Peterside, who stated this at a breakfast meeting with the media on the sidelines of the ongoing Norway Shipping Conference and Exhibition in Oslo, Norway, said such an outcome would end the capital flight, associated with the present arrangement where Nigeria sells its oil on Free On Board (FOB) basis to customers and would also lead to employment creation.
The NIMASA boss said the new national fleet would be owned 49 per cent by a technical partner and the balance of 51 per cent by Nigerian investors.
According to the plan, the Nigerian investors would hold equity in lots, so there will be no domineering shareholder, adding that the planned national fleet would be private sector- led for sustainability and profitability.
The national fleet is part of the country’s new strategic direction on the blue economy, which is designed to tap its maritime potential. However, he invited local and foreign investors who are interested in the project to partner with the country.
The opportunity in crude freight and right of first refusal to lift cargo generated by all tiers of government are just some of the many opportunities in the sector. He said the country was also taking its maritime security seriously and has invested in the acquisition of security assets to boost the policing of its waters.
These assets include patrol boats, special mission aircraft, helicopters , unmanned air vessels and special mission ships. He noted that the assets, acquired under the ‘Deep Blue Project’, which he calls a homeland security solution, would be operational by September with a standing specially trained intervention strike force.
Peterside called on investors to tap into the rich potential of the maritime sector in Nigeria, saying the government has incentivised the sector with offers of tax holidays and institutional support.

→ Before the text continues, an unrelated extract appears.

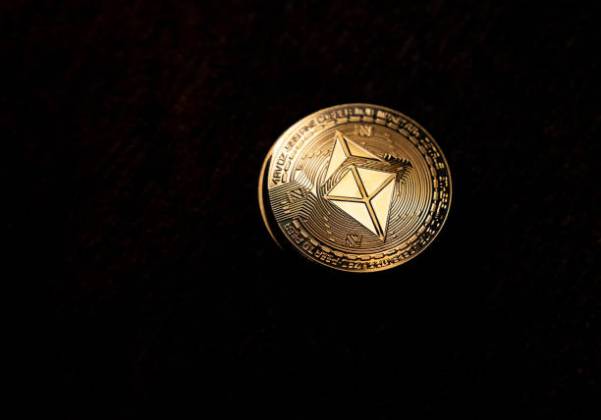 Reversión del SuperTrend de Ethereum: Por qué el precio de ETH podría caer a $1,200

“Nigeria”, he reminded his audience, “is an investment friendly environment with comprehensive maritime security, a robust financial sector and six port complexes and numerous terminals. The country accounts for 70 per cent of seaborne trade into west and central Africa and is endowed with a skilled workforce and the world’s ninth largest hydrocarbon deposits.
He said the country is also focusing on implementing reforms to enhance her ease of doing business.